Furious relatives of passengers on a missing Malaysian aircraft are ramping up pressure on the Malaysian and Chinese governments to give them answers about what has happened, threatening lawsuits and demanding to see the Chinese President, Xi Jinping.
Surrounded by reporters at the Beijing hotel where they have been told by the airline to gather, relatives are lashing out at the media, the airline and their own government for ignoring their plight.
“I really want to see President Xi. I don’t know right now what could possibly be more important than the lives of these 200 people,” said a young woman who gave her family name as Wen.

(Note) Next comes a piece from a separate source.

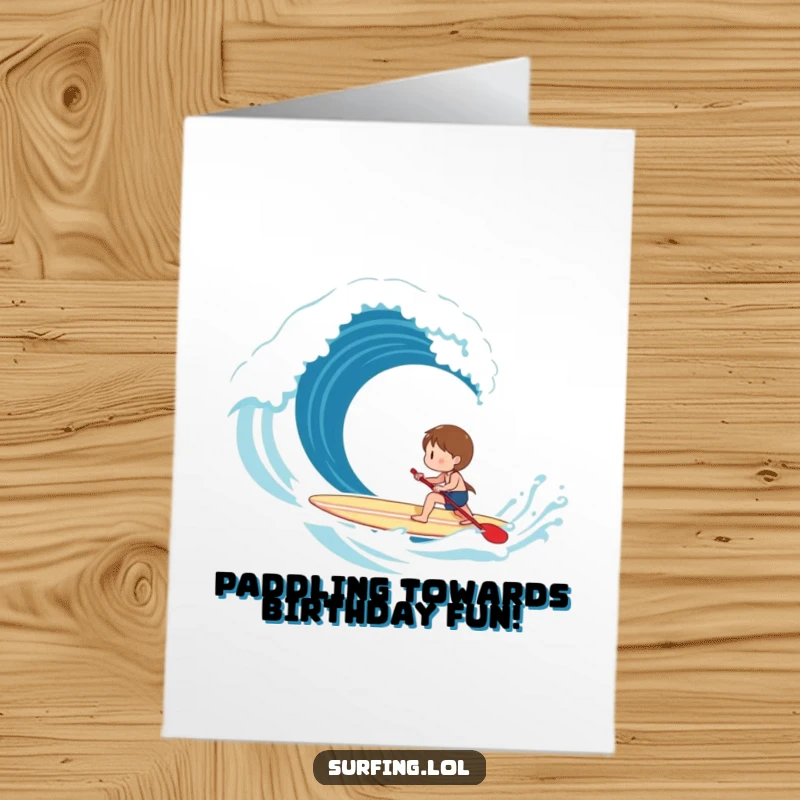 Funny Free Printable Birthday Card: Character happily paddling a surfboard towards an exciting breaking wave.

“I also want to ask Mrs Xi, if your husband, President Xi, was on the plane, just imagine, if it was you, how would your parents feel? My husband was on the plane. Every day my children are asking me about their dad. What am I supposed to do? We’re helpless. We need our government to support us.”
Malaysia Airlines Flight MH370 took off from Kuala Lumpur early on Saturday and dropped off civilian radar screens less than an hour into its flight to Beijing.

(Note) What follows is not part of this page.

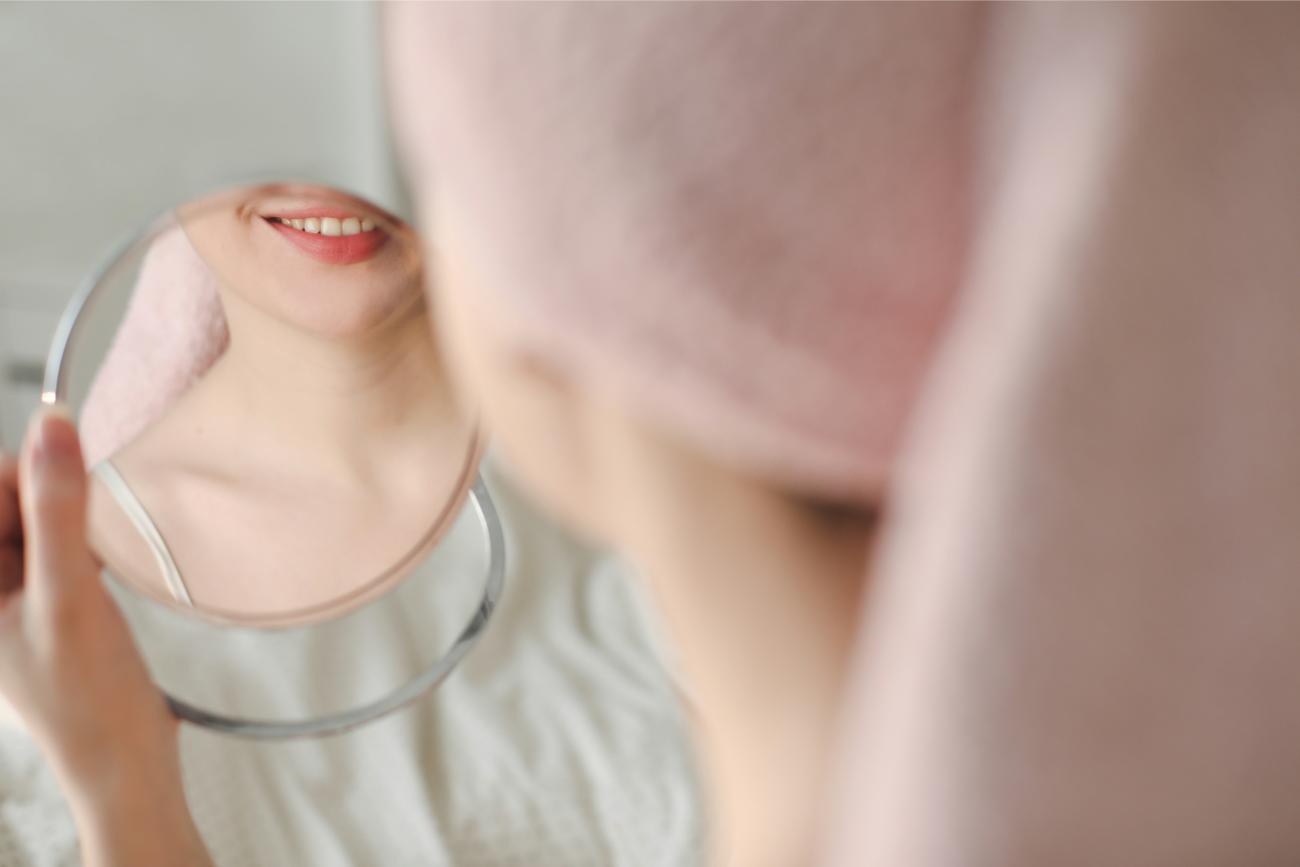 Mujer sonriendo en un espejo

Another person, who declined to give his name, said a lawsuit was the only way forward. “We are definitely going to sue them. This is really bad. [We are not suing] Malaysia Airlines, but the Malaysian government,” he told reporters.
One man from Beijing, speaking to reporters after a meeting between the families and Malaysian diplomats, said it was ridiculous that the Malaysians seemed not to have even the most basic facts. “The exact demands were the exact position the plane disappeared at, the time it disappeared, and what happened in the time between the time when the plane was first reported missing and 2.40,” he said, recounting the meeting with the diplomats, who left without speaking to reporters.
Malaysia Airlines and the Malaysian and Chinese governments say they are doing all they can for the relatives, though Beijing has demanded that Kuala Lumpur drastically step up its efforts.
Hugh Dunleavy, Malaysia Airlines’ commercial director, told Reuters that some people were turning up at the hotel and claiming free meals and rooms when they had nothing to do with the flight.
The loss of a relative threatens to cause real difficulty for some of the families left behind. Feng Zhishan, 50, said his son Feng Dong, 22, was flying back to China from Singapore, where he had been working. “Our family has no money,” Mr Feng told Reuters. “They all said, you can make more money in Singapore.”